4. terás amada a sabedoria e terás as velas
que despertam a noite e não a corrompem
quando então partiremos para os jardins do tempo.
Nuno Rebocho
CONFISSÕES DE UM MENINO QUE APRENDE A LER-TE
1
entonteces a noite e as minhas pedras adormecem
quando sou menino no teu cetim. quando salto do meu leito aos teus caminhos e aprendo: a ruim carne despede-se nos seios das árvores para que só o mar cante a tua voz. deixa que a ternura acompanhe os pássaros
para que a noite madrugue, o teu ventre madrugue no texto dos meus olhos. para que eu aprenda os teus caminhos. é bom dizer que te amo. é tão bom dizer que te amo.
2
venho da guerra com a alma espedaçada. onde
está a tua seara onde empregar os meus braços?
quero cozinhar o pão e quebrar os copos do silêncio para que a tua voz seja o clarim das manhãs e os deuses se enterneçam. para que eu amadureça.
3
desfaz-se o silêncio quando os corpos vibram
no suor da noite. és o tempo
das primaveras que nos cobrem se os braços
envolvem o desejo. se os lábios entornam
a alma como sémen no útero da ausência.
se eu recolho as flores da noite
para o altar dos teus seios para te dizer
meu amor, és a boca da vida, és o dia,
a ternura das madrugadas.
Nuno Rebocho
A CELEBRAÇÃO DO ESQUECIMENTO
estilhaçam-se as ravinas dos segredos quando as vozes atravessam o calcário da intimidade: o sagrado lugar dos testemunhos
onde as presenças cheiram. é aí que o esquecimento dói e eu passo
ao outro lado das paredes da vida coada do salitre
desvendando os lugares. sempre queremos
a dilatação dos momentos ou as palavras mudas e murchas como baterias de mortes (as mortes que vão acontecendo dentro dos dias); as palavras mudas como plantas adormecidas
nas águas paradas; as palavras mudas das retaliações e dos tratados como arames farpados nas fronteiras existentes; as palavras mudas
que se mudam nos núcleos cerebrais e deixam o rasto. no calcário da intimidade desbravamos as loucuras e passamos (como eu passo) ao lado das paredes para desvendar os lugares.
fecho os portais para a necessária pudicícia
de me buscar: a escrita é um risco um assalto um crime. como podem saber que há um cadáver em cada verso e um mistério à espera de decifração?

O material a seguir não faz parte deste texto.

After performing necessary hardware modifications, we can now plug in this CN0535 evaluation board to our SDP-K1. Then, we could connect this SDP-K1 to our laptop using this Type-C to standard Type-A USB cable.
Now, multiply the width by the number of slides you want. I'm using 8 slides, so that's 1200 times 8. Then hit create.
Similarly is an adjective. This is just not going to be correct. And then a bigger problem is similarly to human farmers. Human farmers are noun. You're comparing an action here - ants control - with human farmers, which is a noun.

e que fariam aqui as polícias quase incólumes à corrupção do tempo? é desnudo que escrevo como faço amor e depois me liberto do sangue e dos vestígios: o crime perfeito com bacanais de interrogações e de buscas. deixo que a penumbra feche o quarto este quarto dos meus segredos por onde os papéis navegam e os dedos se perdem na procura das dúvidas. se os meus senhorios soubessem destas poucas vergonhas davam-me ordem de despejo e perdia o lugar de me esquecer.

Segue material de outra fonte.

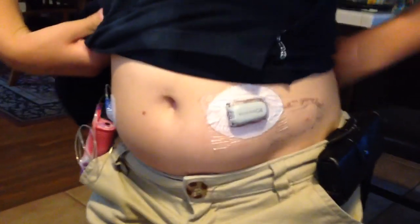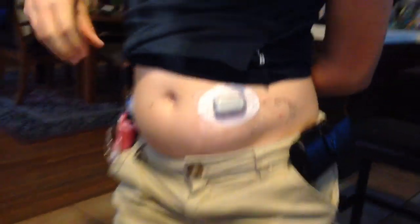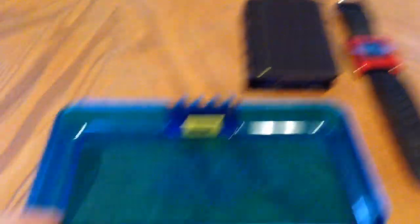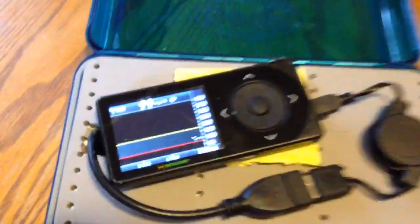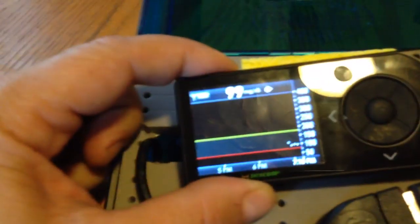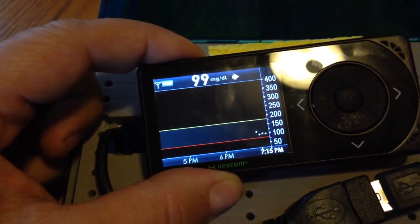You have to have the Dexcom CGM sensor, which is right there. We just put a brand new one in tonight, so it just came online. Now what we have is her Dexcom CGM receiver here that just came online not too long ago, currently showing that her blood sugar is 99.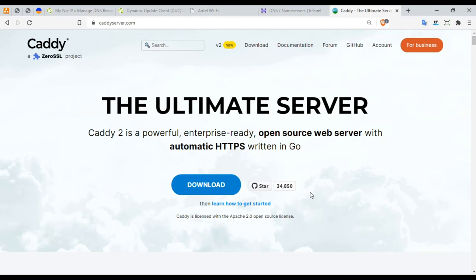Hey guys, I'm back with another video with Caddy port forwarding via router. So let's get started.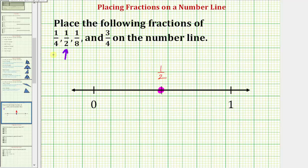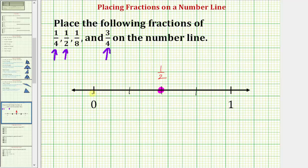Now let's work on placing the fractions of 1 fourth and 3 fourths on the number line. Because the denominator is four, we're going to partition the number line between zero and one into four equal pieces. Because we already cut it into half making two equal pieces, we'll divide it again here and here. So each of these lengths is equal to 1 fourth. We have zero, one fourth, two fourths which equals one half, three fourths, and four fourths which is equal to one. Which means one fourth would be here and three fourths would be here.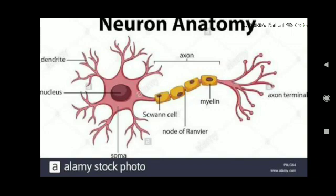Inside the cell body there are nucleus and cytoplasm. From the cell body various short nerve fibers arise, which basically pass electrical signals towards the cell body. These short nerve fibers are called dendrites. These are short and branched parts of the neuron.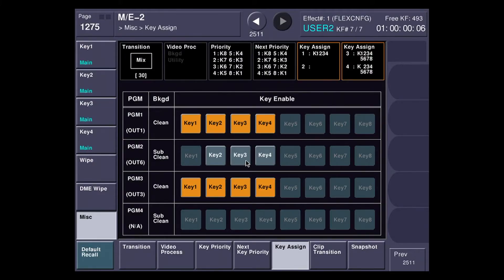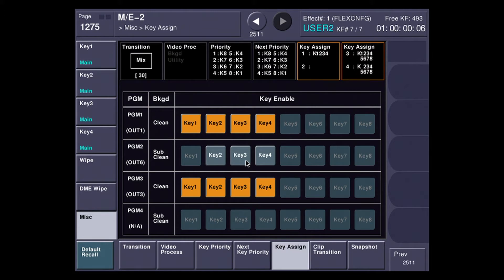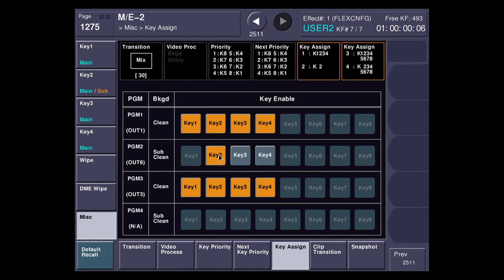Here I've put ME2 into four-keyer mode. This is pretty much like the 8000G from our past generation of switchers. You can see I've got four keyers that I can assign to both main, clean, and sub-clean. I can straddle them just like before, or I can split them apart. This is what we've been able to do for the last several years.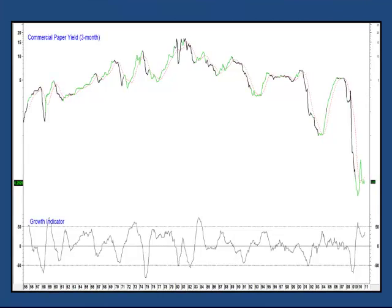This chart moves us away from the realm of technical analysis and offers a warning of future inflation. The center panel shows a three-month commercial paper yield, and underneath is my growth indicator. This one is constructed from several leading economic indicators and is expressed as a rate of change.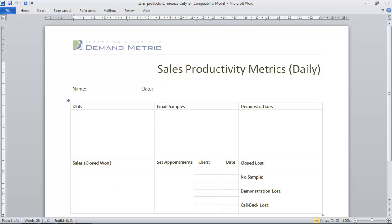They'd also keep track of any sales, so accounts closed won, or accounts closed lost, and the reason for that loss.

é na claridade que as coisas se confundem: as coisas são indefiníveis e múltiplas porquanto a unidade é o esquecimento por onde a luz entra pelas janelas a indicar-nos as rotas onde
as coisas se fazem objectos e pessoas onde os lugares se definem no breve momento da memória. tudo é disperso
e o esquecimento constrói-se como um traço de união com a eternidade (seja ela qual seja) por onde a luz é apenas a velocidade do possível (seja ele qual seja). é na claridade que as coisas se destroem e se definem e se preparam para o estonteante. na claridade preparamos a memória para o esquecimento.